Patrick Roosenberg is the director of automotive finance intelligence at J.D. Power. He says, “There is a formula for optimizing new-vehicle lease recapture and conquest strategies. With such a high percentage of returning customers leasing again, the key to retaining those customers along with first-time lease customers is delivering the right proactive messaging at the right time via the right channel. The more lenders, OEMs, and dealers can coordinate their communications to connect with customers at the right moments in their leasing journey, the more likely they will be to develop strong, long-term relationships.”
Lease customers are an audience that offers incredible potential. Unlike vehicle purchasers, lessees have a much easier time getting out of their lease simply by returning it at the dealership. That makes them somewhat of a captive audience, but one that can’t be taken for granted. It takes intentionality and work to earn their repeat business.
Keep them coming back for other reasons
To earn their loyalty and trust, find ways to get lease customers back in the door after they drive away from the showroom. Since top reasons for a lease are for low maintenance cost and convenience, it would be beneficial to make pre-paid maintenance part of the lease payment.
Nothing irritates a lease customer more than being charged wear and tear at the lease return except for being sold brakes and tires within the last year of their lease – a time frame where any financial investment appears to have no reward. Emphasize the benefits of pre-paid maintenance in the F&I office which keeps them coming back to the dealership, establishing a trusted team.
Develop lease-specific email campaigns
Sending your lease customers the same marketing content as potential buyers or third-year financing customers does not capitalize on the captive market. Even first-time lessees know when their lease will expire, and the final year offers opportunities to bring them along in their next vehicle choice. Marketing materials should be developed specifically for a lease return sales funnel and their high-intent nature.

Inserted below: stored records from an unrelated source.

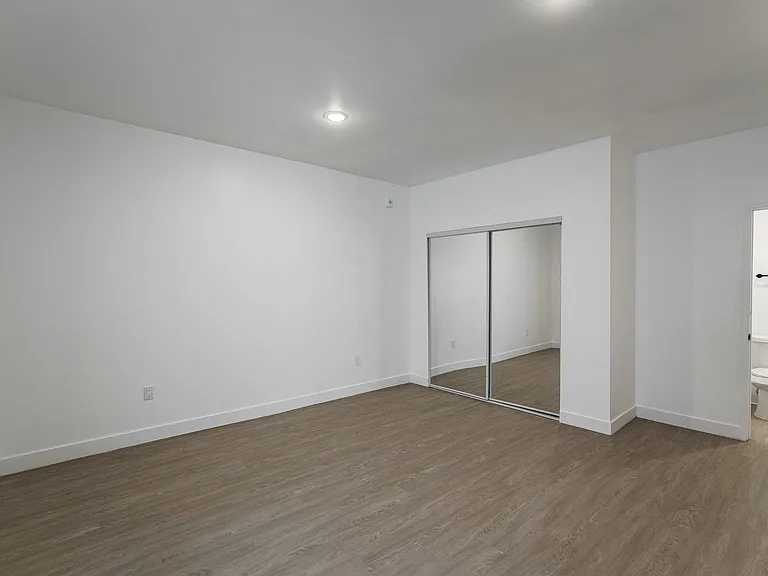 1620 South Bentley Ave — Photo 11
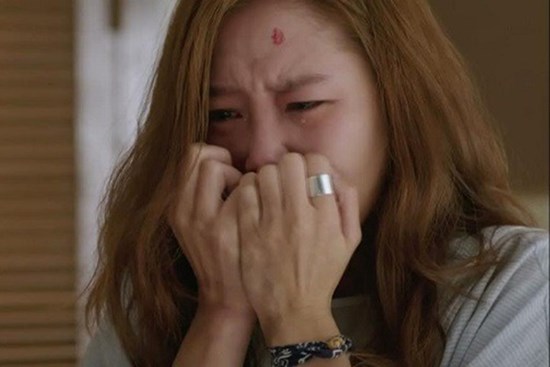 Sau 25 năm kết hôn, vợ run rẩy kể sở thích lạ của chồng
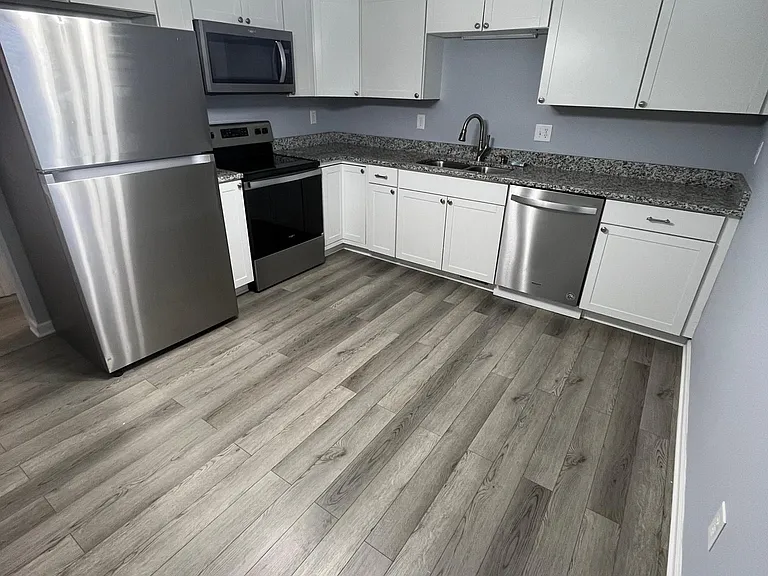 128 McDaniel St #B — Photo 5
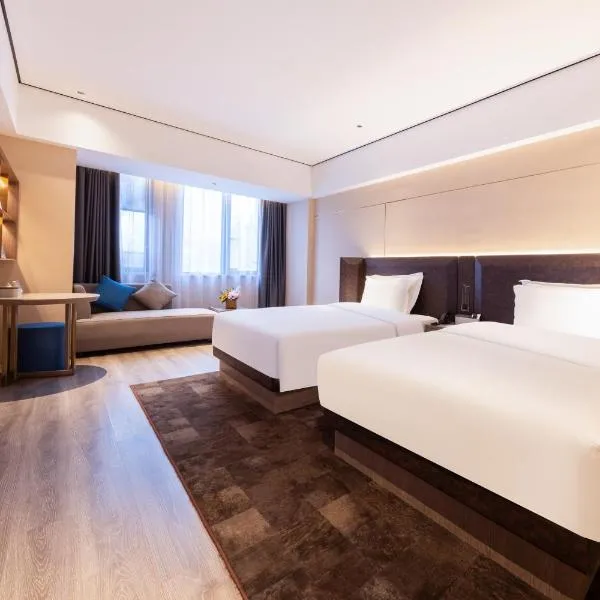 Atour X Hotel Wuhan Railway Station West Square، فندق في ووهان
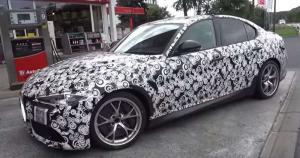 Седан Alfa Romeo Giulia QV сфотографировали на заправке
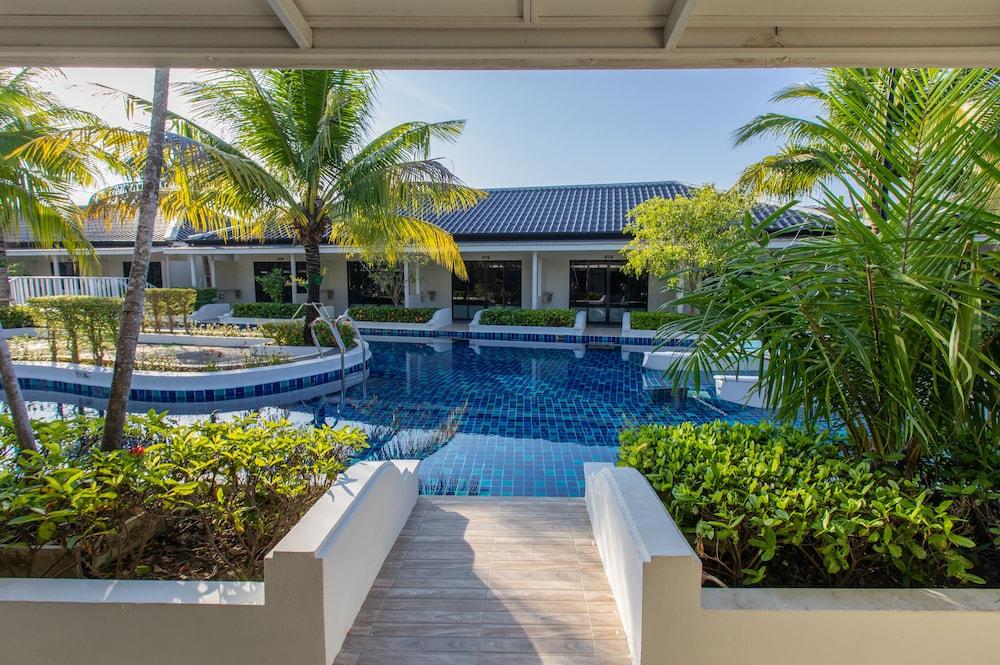 Blu Boat Pool Access Resort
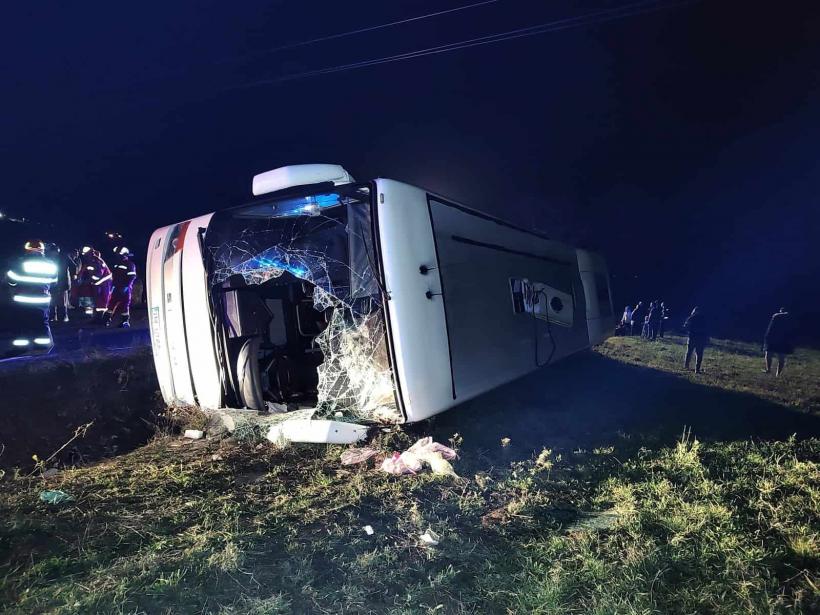 Accident în Arad. Un autocar cu peste 30 de pasageri s-a răsturnat într-un șanț. A fost activat Planul Roșu de Intervenție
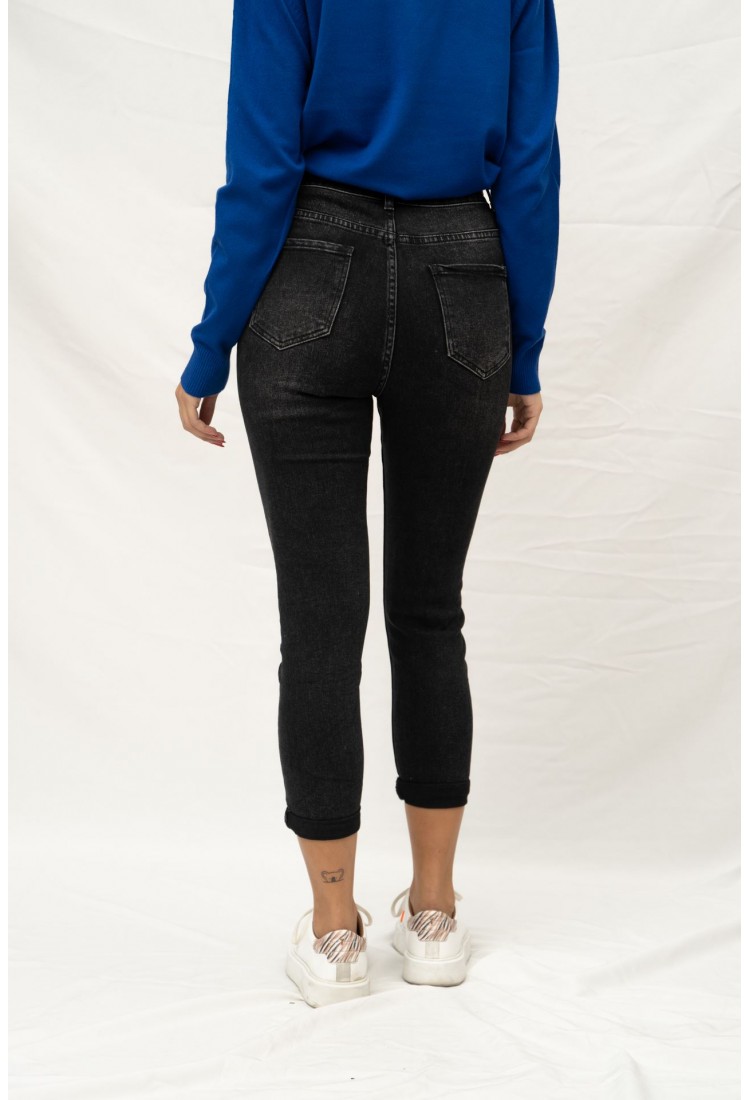 JEANS WITH ABRASIONS 7072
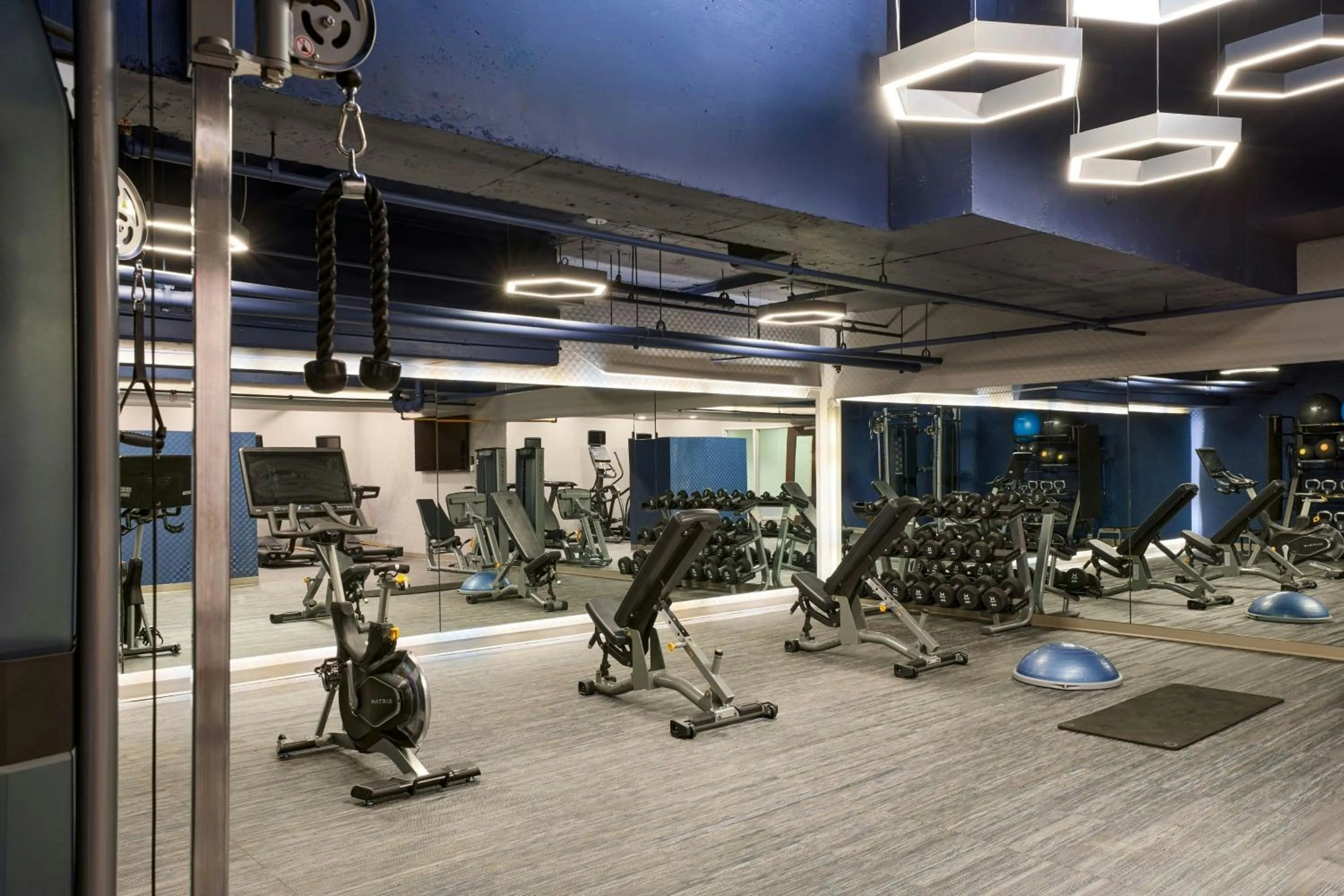 Fitness centre/facilities in Residence Inn Bethesda Downtown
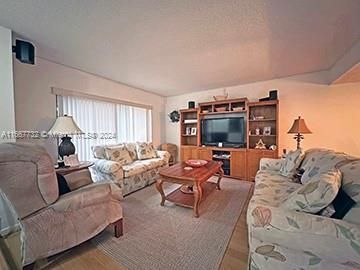 For Sale: $459,000 (3 beds, 2 baths, 1662 Square Feet)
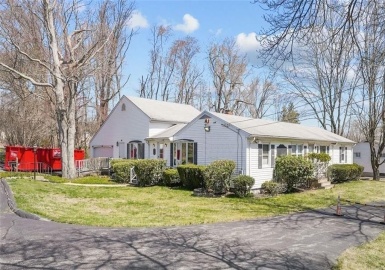 1062 Taunton Ave, Seekonk, Massachusetts 02771, ,Commercial Sale,For Sale,Taunton Ave,73147613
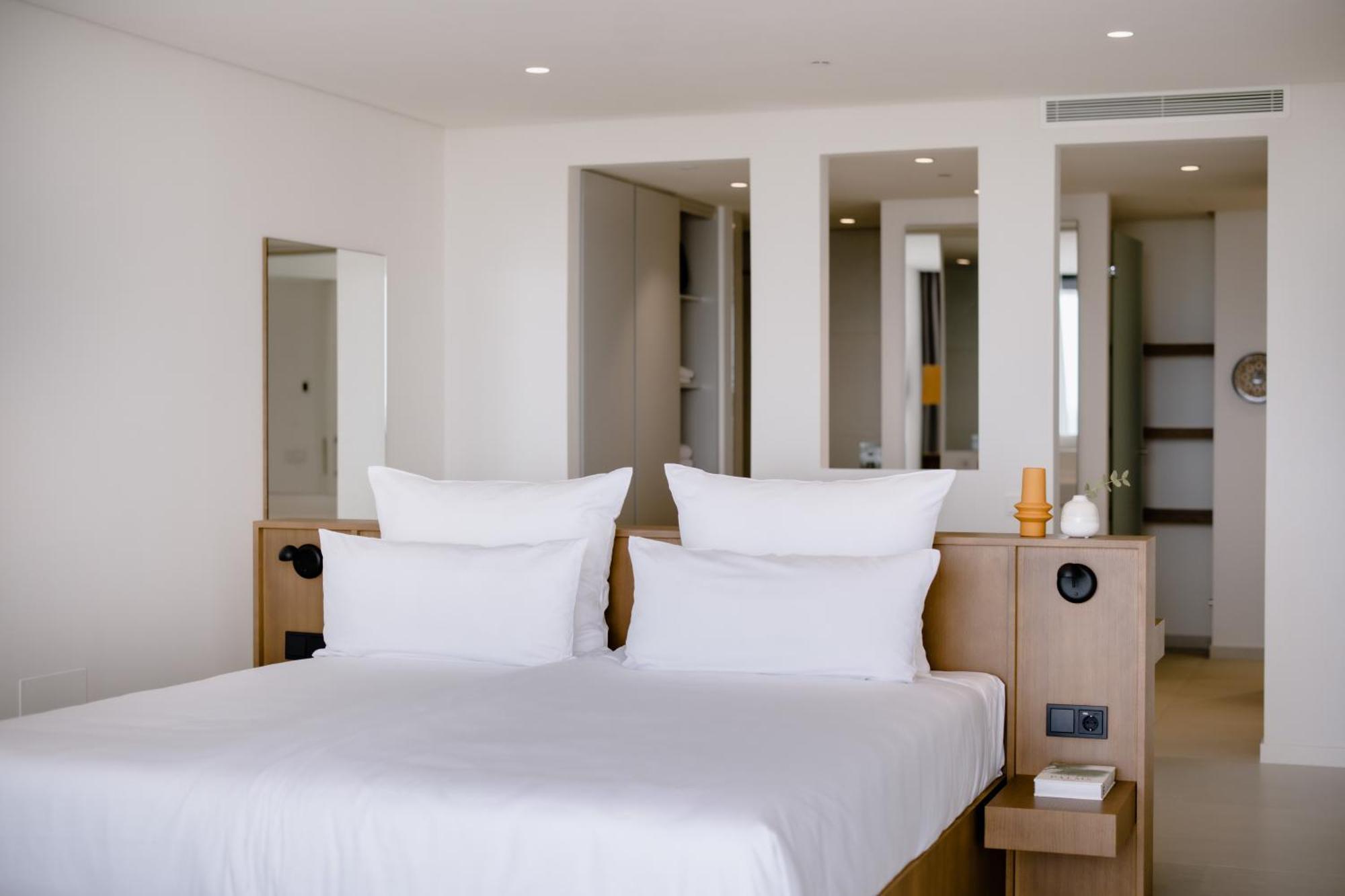 The Flag Hotel Marbella, Estepona Adult Recommended Экстерьер фото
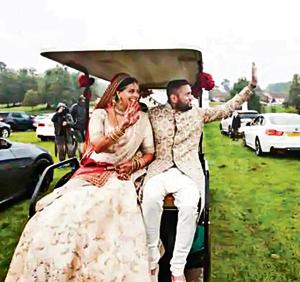 Roma Popat and Vinal Patel at their drive-in wedding in Essex, England.(Courtesy Saheli Events / i-Maani Photography) Roma Popat and Vinal Patel at their drive-in wedding in Essex, England.(Courtesy Saheli Events / i-Maani Photography)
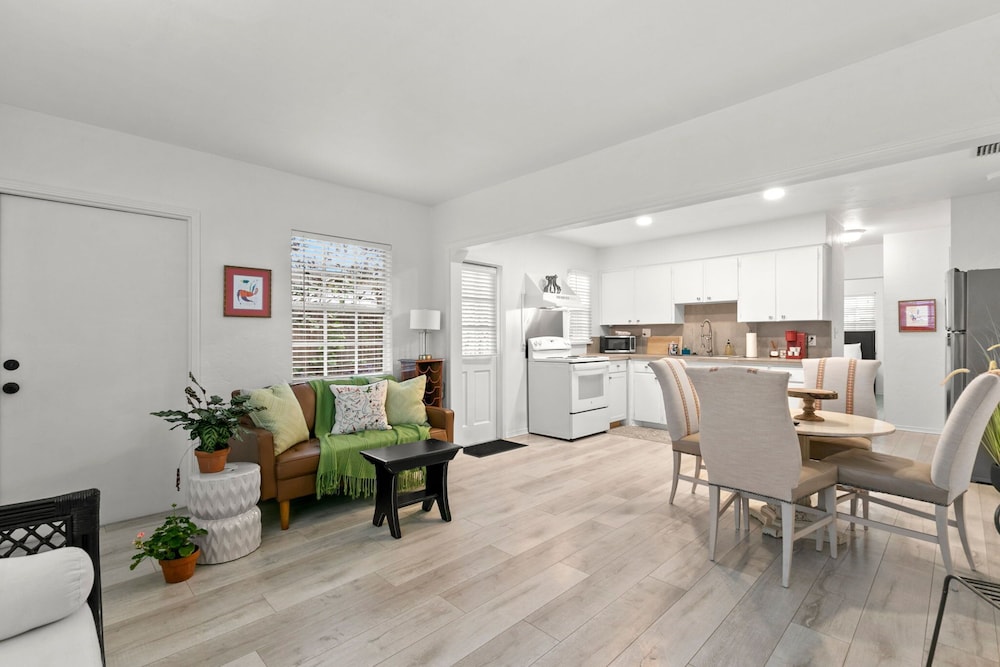 NEW Bayside Escape Cozy Hideaway Near Bayshore
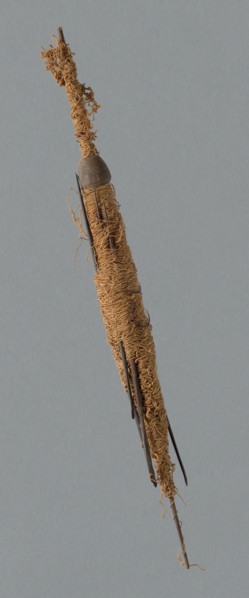 Wooden Spindle, Peru, 1000/1476.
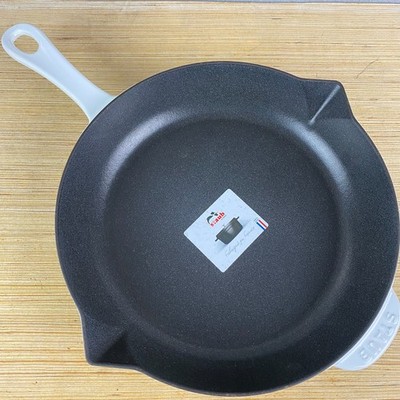 STAUB Poele 10 1/2  Enameled Cast Iron Skillet #26 White Nonstick France NEW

Optimize your lease return process
According to the J.D. Power study, Honda Hyundai, and Toyota have the best-ranked end-of-lease practices as reported by their customers. The process of returning a lease should be as easy as possible to retain lessees, but it has to be accurately reflected also. Well ahead of lease expiry, let your customers know a step-by-step process to returning their current lease and selecting a new one, making the assumption they’re leasing again. Be clear so they aren’t frustrated that it takes much longer or is more intrusive than they think it should be.
Lease customers are a prized resource and should be treated with just as much regard as a finance customer. And if they aren’t buying or leasing their next vehicle from your dealership, they’re certainly finding it elsewhere and you lose out. If a first-time lessee is treated right, there’s a great chance your dealership can exceed the national ratings in this report.